Now out on the Nullabor or even near Kalgoorlie you could lose a 160km loop without even trying. Given say 2 of these, one near Perth and one near South Australia we could store 2 or 3 GWh of electricity indefinitely with only small losses and replace the operational reserve that is supplied with fossil fuels with clean storage. This would also allow much greater clean reserves and allow much more renewable power to be connected that would not need as much storage so it would be cheaper. Consider also that at both ends of the link would be advanced power converters, now with access to say 2 GW of storage and unlimited amounts of solar and geothermal generation. These converters can act now as the heart of Australia's generating capacity leading to the possibility of Australia being completely renewable and needing no further coal plants or nuclear power plants for the distant foreseeable future.

The problems of such a link are mainly technical however what a magnificent engineering task it would be - another Snowy Mountains scheme.
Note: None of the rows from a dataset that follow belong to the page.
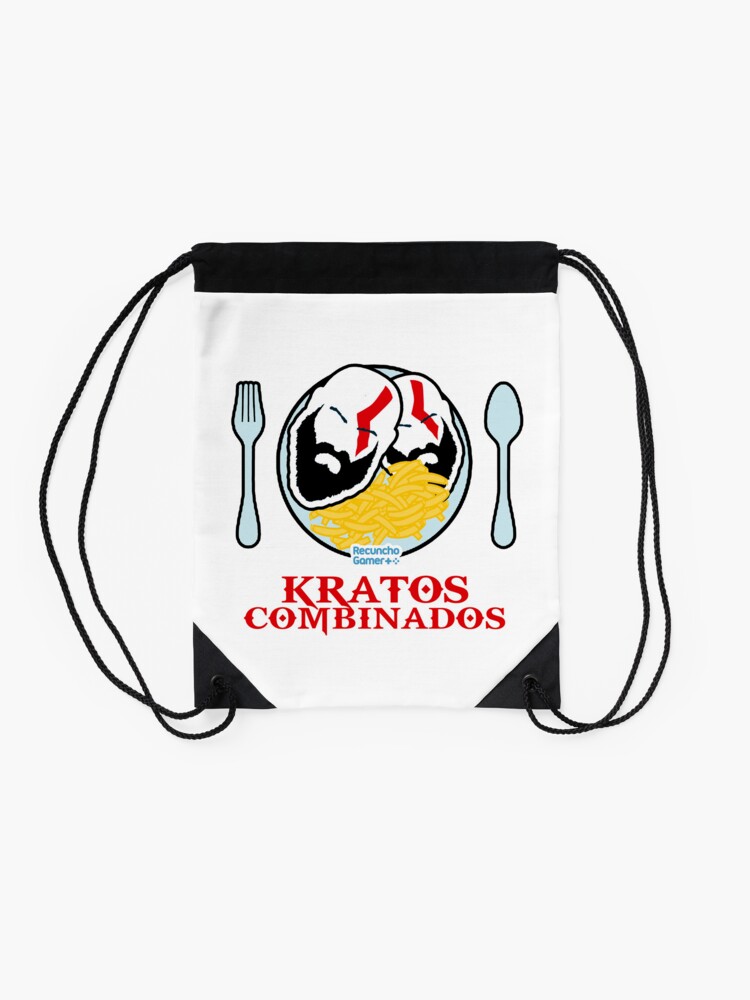 Imagen 2 de 3, Mochila saco con la obra Kratos Combinados, diseñada y vendida por RecunchoGamer.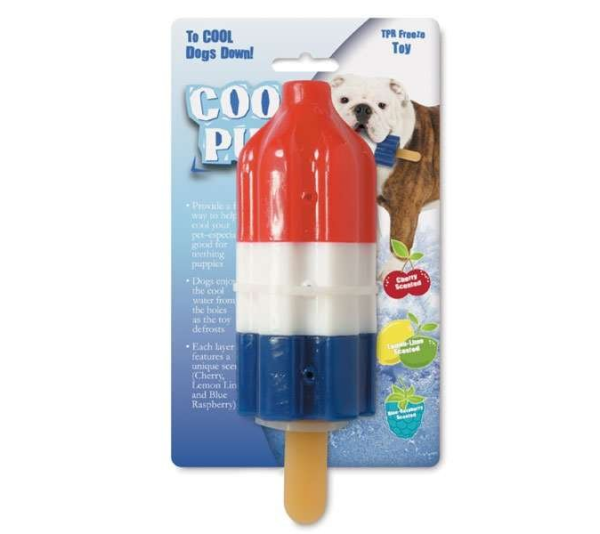 Red White Blue - Cool Pup Toy  Rocket Pop - Large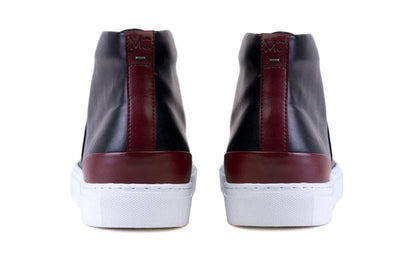 Moral Code Honeycrisp Women's Vegan High Top - #color_black-red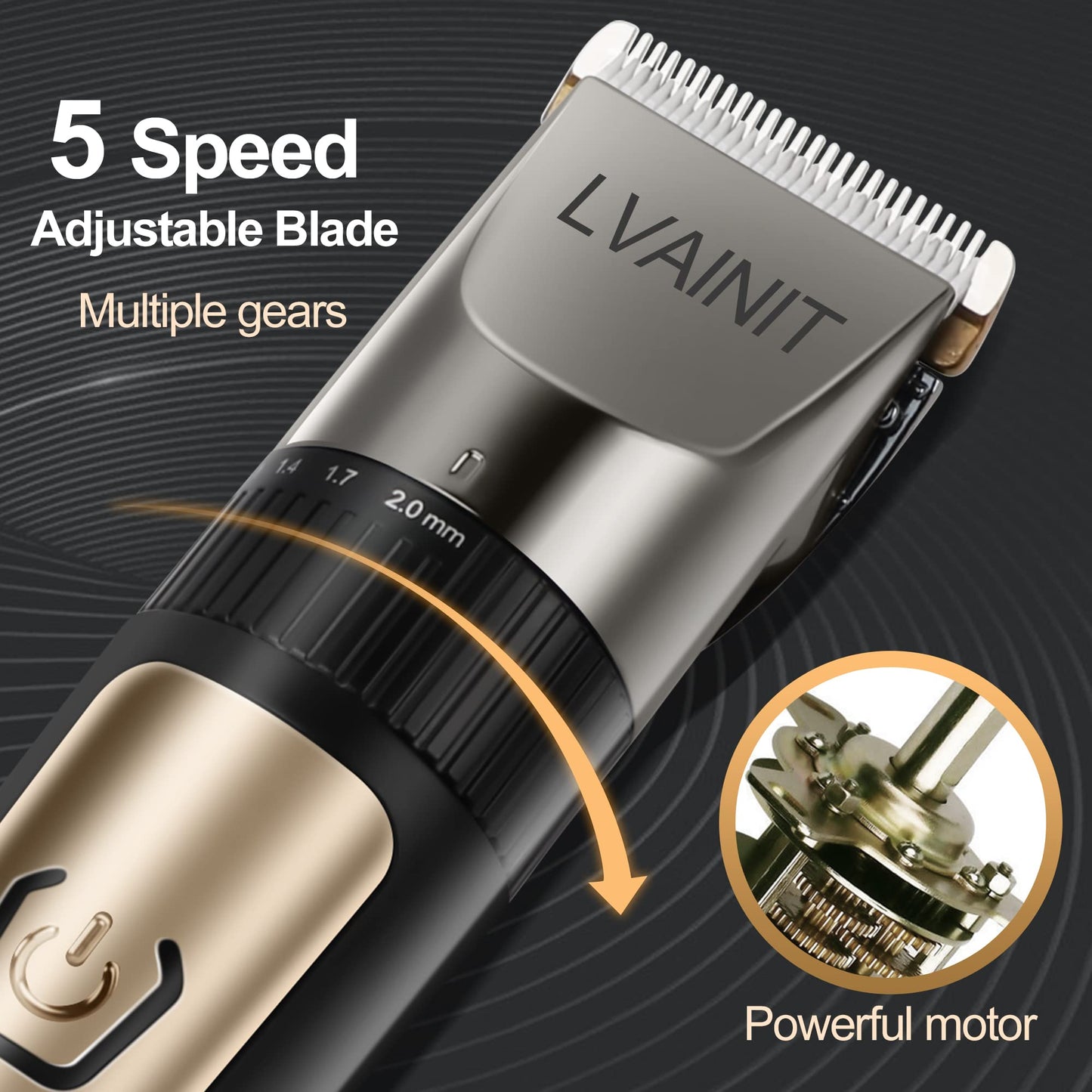 Hair Clippers for Men, Cordless LCD Rechargeable Hair Trimmer Beard Trimmer for Men, Men's Grooming Kit for Hair, Face, Beard, Professional Electric Barber Clippers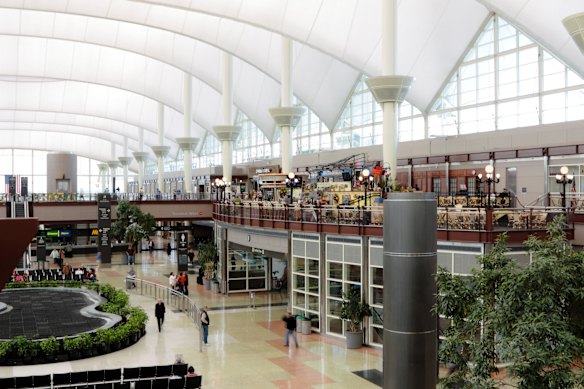 Denver’s airport is twice the size of Heathrow. 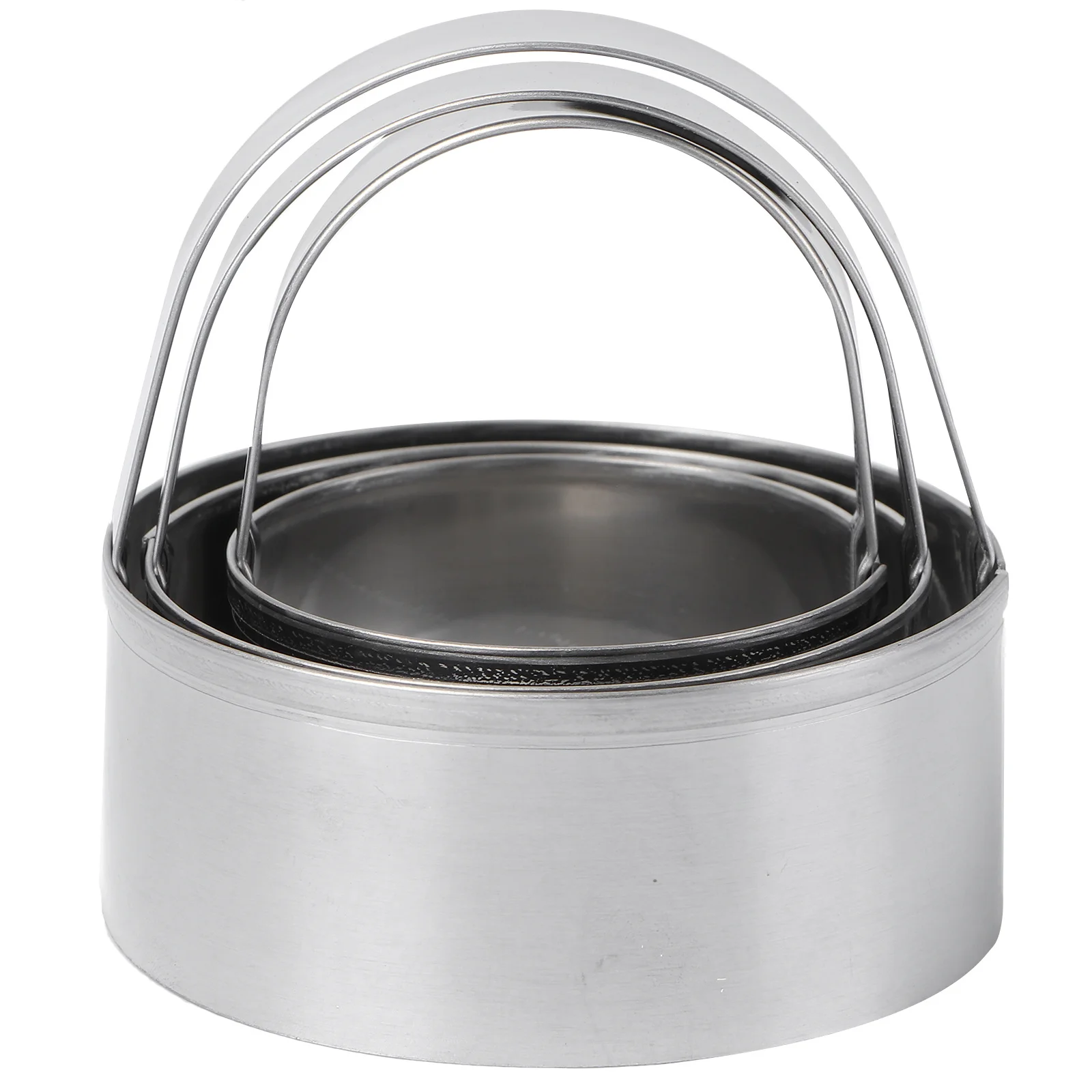 Круглый набор формочек для печенья из нержавеющей стали - Фотография_2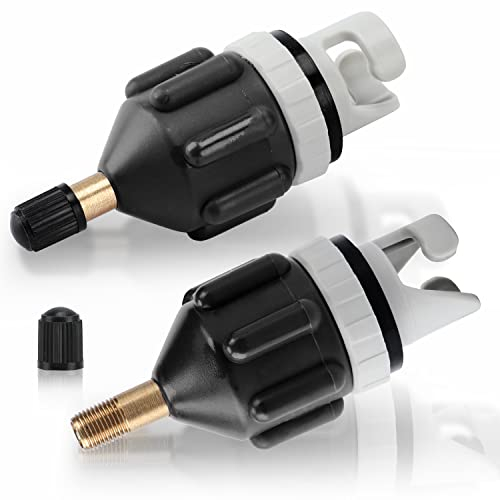 2 Stücke Adapter Sup Ventil,Aufblasbare Pumpe Adapter für Kajaks, Kanus, Stand-Up-Paddleboards,Schlauchboot (Stil 1)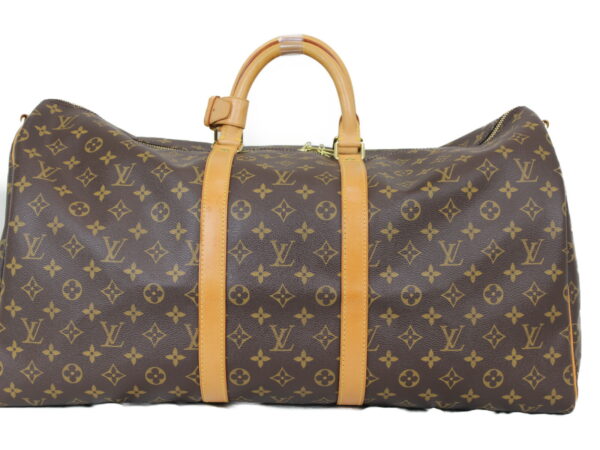 imgrc0075187090 Louis Vuitton Keepall Bandouliere 55 Travel Bag Monogram Canvas Brown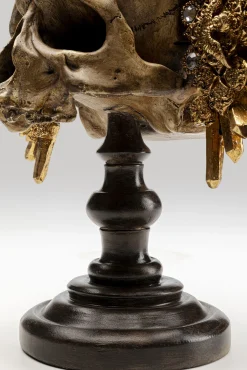 Discount KARE Design Figurka dekoracyjna King Skull 34x42 cm - KARE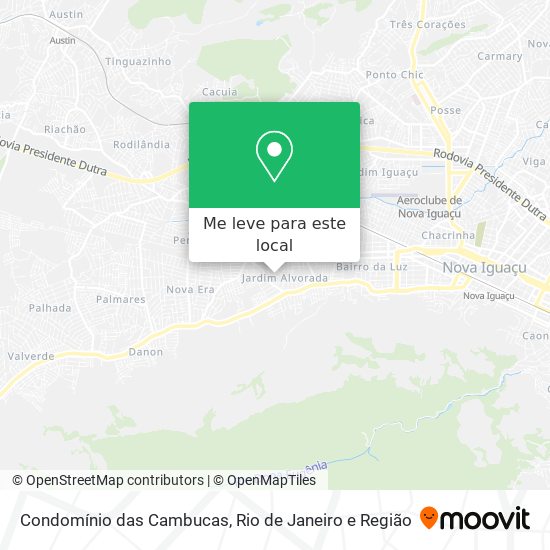 Condomínio das Cambucas mapa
The enormous advantages of easy large scale storage, connection of vast amounts of solar power in prime sun areas, wind in prime unpopulated wind areas and baseload geothermal power gives the possibility of reaching a 60% reduction in emissions by 2050. For the people without vision there is the nuclear option of 19th century thinking with the attendant problems of cooling water, proliferation, and unsolved nuclear waste disposal or even more of the same old coal with the problem of how do you pump 140 million TONS of CO2 into the ground every year. In comparison the probably huge technical problems of a 2700km electricity distributor seem trivial. At least there are no unsolved problems. We may be also able to attract David Mills back to Australia to build the 1 GW CSP thermal plants along the route.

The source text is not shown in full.